• Le représentant du DPP arguant que cette information entre le DPP et la police est confidentielle, la Cour appelée à donner un « ruling »

Les débats dans le cadre de la motion pour la radiation de la charge provisoire de “Public official using his office for a gratification”, qui pèse sur l’ex-CP Mario Nobin, se sont poursuivis hier devant la magistrate Neela-Ramdewor-Naugah. L’enquêteur principal dans cette affaire, Kemraj Seebaruth, a été appelé à la barre des témoins et a expliqué comment Mike Brasse avait obtenu son passeport en quelques jours. L’avocate de l’ex-CP, Me Narghis Bundhun, a elle voulu savoir quel a été l’avis du Directeur des Poursuites publiques après avoir reçu le dossier de la police. Le représentant du DPP estime que c’est une information « confidentielle ». Un “ruling” est attendu le 22 mars.
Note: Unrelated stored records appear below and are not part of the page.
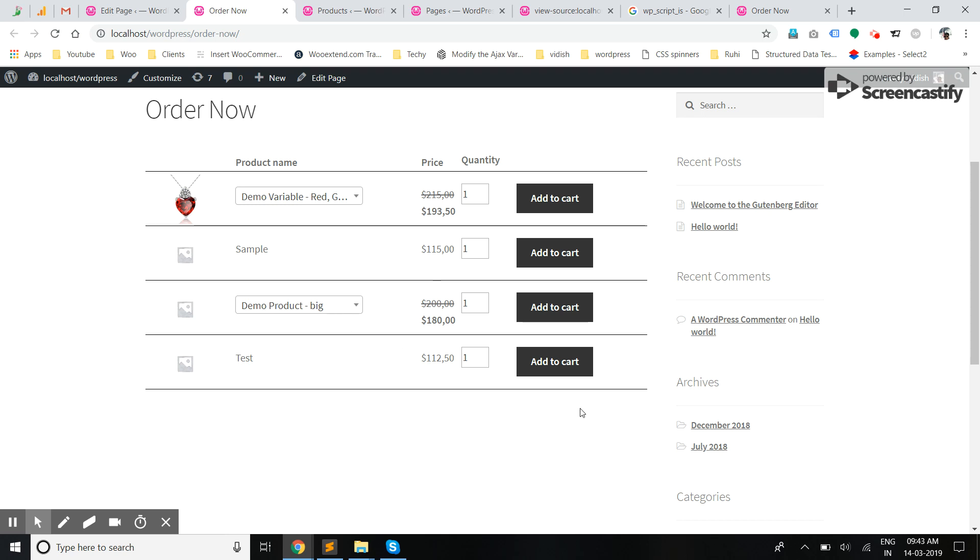This is how WooCommerce Bulk Order works. Don't forget to subscribe to our channel so that you get continuous updates for all of our plugins. Thank you.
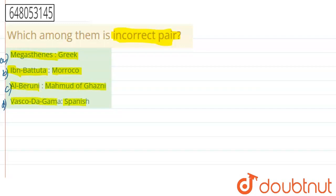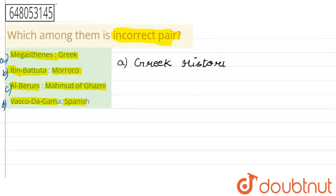First, we will start with option A. Megasthenes – he was a Greek historian, so this is a correct pairing. But what we need is an incorrect pairing, so option A is not our answer.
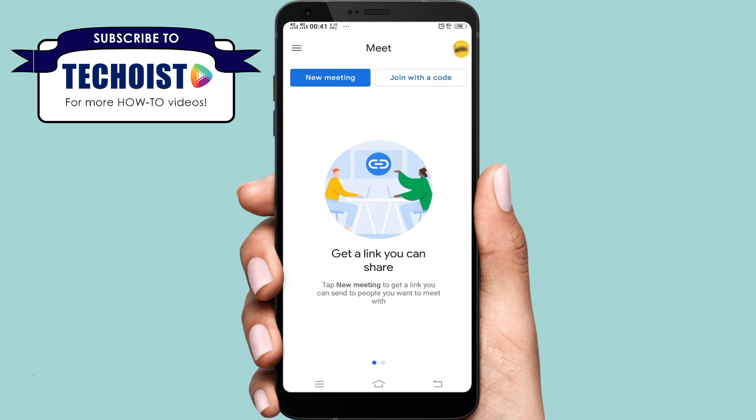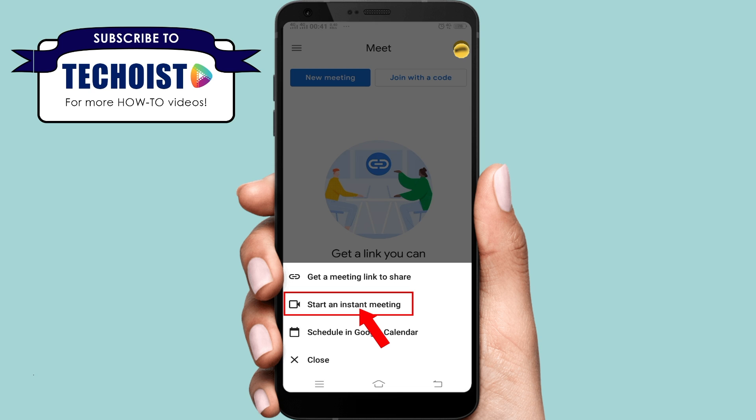Tap and open the Google Meet app and start a meeting. Here we can see the link to invite others to the meeting. I will share the link so others can join.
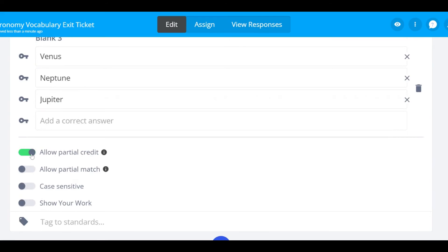By toggling on allow partial match, if you type keywords into your answer key, student responses that include those keywords will be graded as correct.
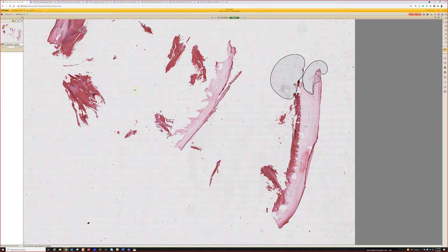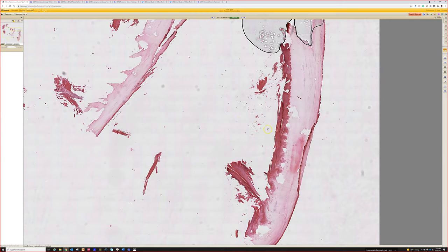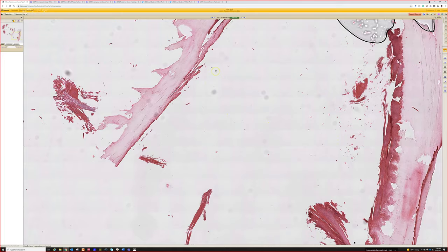Case four. What kind of specimen is this? It looks like a nail clipping.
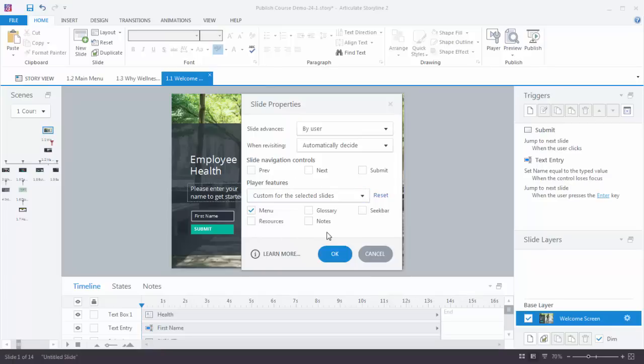And that's basically it. So when you create a slide you'll have your player controls but if you want to modify the player controls for specific slides you can do that either from the slide properties in story view or you can come into the slide, go to the slide layers and click the little gear icon and modify your slide properties there. Now it's just a matter of customizing your slides and applying that to your next eLearning course.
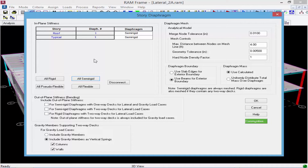Next is the merge node tolerance option. Once the meshing process for semi-rigid diaphragms is complete, RAM Frame generates a finite element model for analysis. During this process several nodes may be very close together, so they are merged to a single node and elements are adjusted accordingly. There is also an option for the maximum distance between nodes on a mesh line, which defines the maximum distance between nodes on semi-rigid diaphragm edges. After analysis you can review the semi-rigid diaphragm mesh and return to make adjustments if needed.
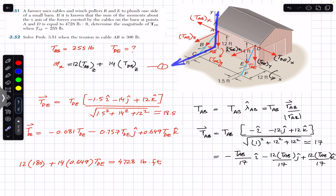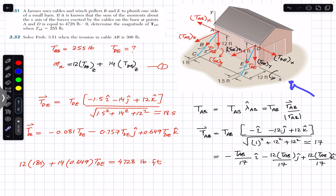For the tension from D to E: point F is to the right of point D, so the x-component of TDE is in the positive x-direction. The y-component is in the negative y-direction since F is below D. The z-component is in the positive z-direction since F is to the left of D when viewed from this side.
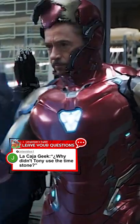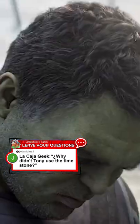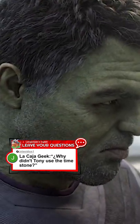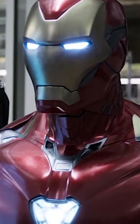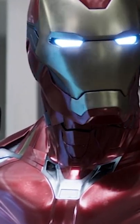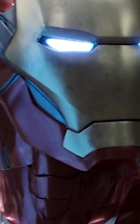Why didn't Tony use the Time Stone after snapping his fingers? Tony didn't use the stone because if we remember the state in which he was left, he was too weak to do something. He could hardly speak. We could also say that his suit was already destroyed and unable to channel the energy of the stones again.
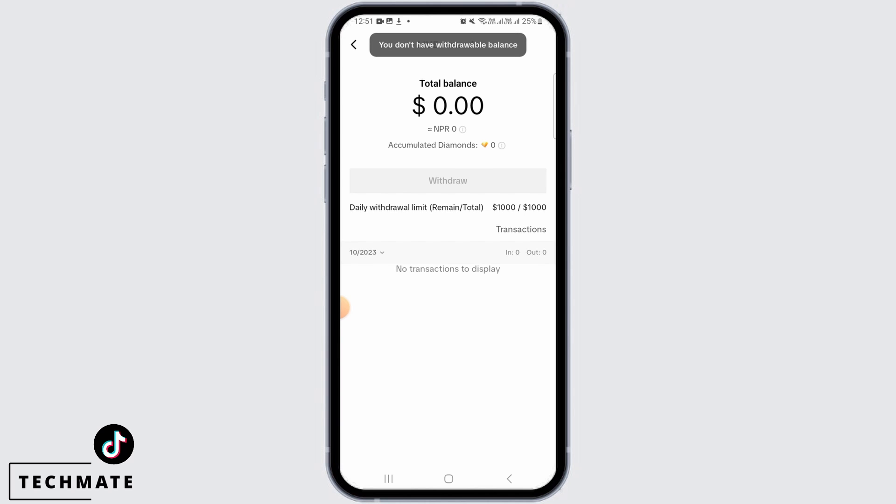If you have balance, you will be able to tap on the Withdraw button. Since I don't have any balance, I'm not able to tap on the Withdraw button. However, I am going to guide you through the process on how you can change your primary payout method. What you want to do next is find the withdraw interface.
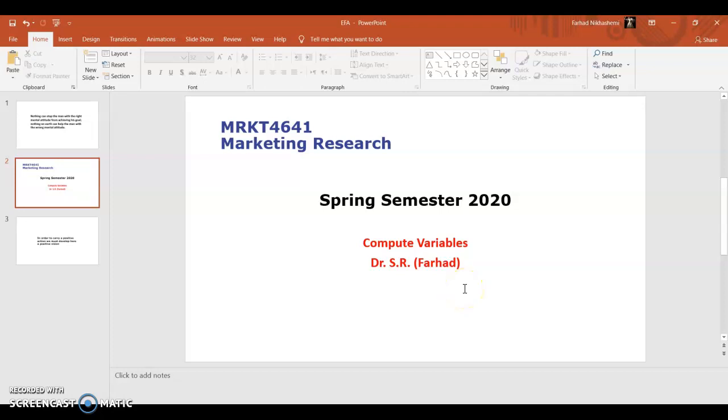Greetings, Dr. Pahad is here. In this video I'm going to show you how to compute variables in SPSS.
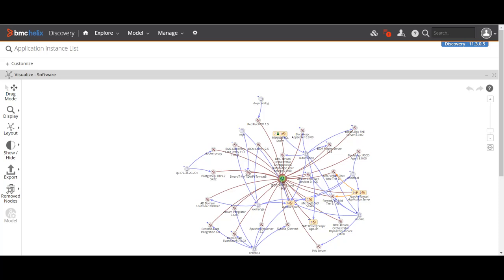Hello guys, welcome to my channel LearnTik. This is Sandeep Kohl here. Today's topic is from BMC Discovery and it is related to application modeling. We will see what application modeling is, what the functional benefits are, and how it is used in business processes.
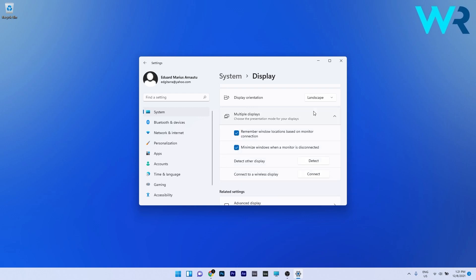This is the location that most likely will present this new feature to show the clock on multiple displays. So make sure to check it constantly with every new update of Windows 11.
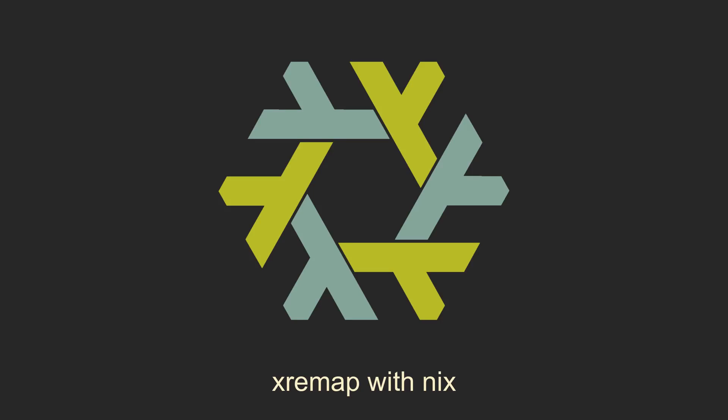This is a companion video to the Xremap video, which has been released on the channel at the same time. Here I am only going to talk about installation on NixOS without going through its awesome features. So check out the Xremap video first and then come back to this one. I am also going to cover Home Manager setup later in this video, so check out the Home Manager video if you don't have it set up. Now that I have driven away the majority of the people watching this video, we can begin.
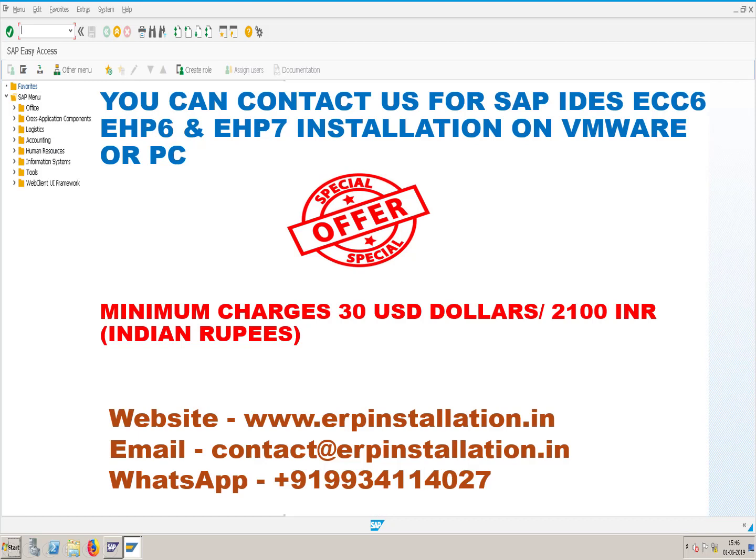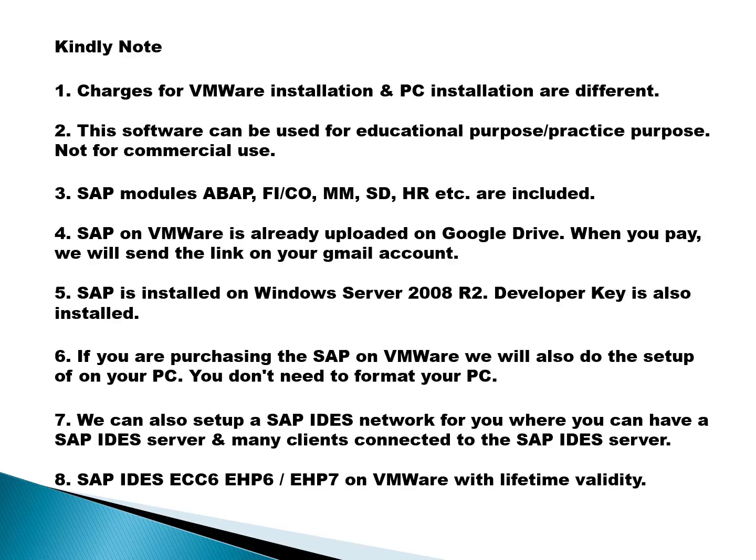You can contact us for SAP IDS ECC6, EHP6 and EHP7 installation on VMware or PC. Minimum charges are 30 USD or 2100 INR Indian Rupees. Kindly note that the charges for VMware installation and PC installation are different.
Me Narghis Bundhun estime que la défense « doit être au courant » si le bureau du DPP a donné un avis après avoir reçu le dossier de la police. Me Nataraj Meneesamy, Principal State Counsel, a lui argué que cette information est « confidentielle ». Par ailleurs, le témoin Seebaruth, lors de l’audience, a pour sa part expliqué que plusieurs témoins dans cette affaire s’étaient rétractés par peur de représailles, car Mario Nobin était alors commissaire de police. Il a expliqué qu’au cours de l’enquête, certains n’ont pas voulu témoigner et que ce n’est qu’après le départ de Mario Nobin qu’ils sont revenus donner leurs dépositions à la police. Cette dernière dit avoir rassemblé tous les documents avant l’interrogatoire de l’ex-CP.

Pour ce qui est de l’octroi du passeport de Mike Brasse, l’enquêteur principal a indiqué que l’ex-CP avait demandé un rapport du Passport and Immigration Officer pour se pencher sur sa demande et, après avoir reçu le rapport le 13 septembre 2016, quatre jours après, soit le 17 septembre, Mike Brasse avait reçu son passeport. L’enquêteur principal a cependant souligné que les documents qu’avait présentés Mike Brasse « ne démontraient aucune urgence » sauf qu’il avait perdu son passeport.

Rappelons que Mario Nobin a été libéré sous caution, après son arrestation dans le cadre de son implication pour l’octroi d’un passeport « en urgence » au trafiquant de drogue Mike Brasse. Mario Nobin a eu à s’acquitter d’une caution de Rs 75 000 et signer une reconnaissance de dettes à hauteur de Rs 2 M pour recouvrer la liberté. Entre-temps, son avocate, Me Narghis Bundhun, SC, a soulevé une motion pour la radiation de l’accusation provisoire de “Public official using his office for a gratification”.

Ce délit qui aurait été commis entre le 5 et le 8 septembre 2016. Il est reproché à Mario Nobin d’avoir donné des instructions pour que le Passeport and Immigration Office octroie un passeport au plus vite à Mike Brasse pour se rendre à La Réunion, alors qu’une enquête était en cours pour déterminer comment il avait perdu son passeport dans un premier temps, ainsi « circumventing the Passeport Regulations 1969 which allowed the applicant to travel to Reunion Island at a time elected by him in order to arrange for the conveyance of a huge quantity of drugs to Mauritius by the yacht Îlot Gabriel ».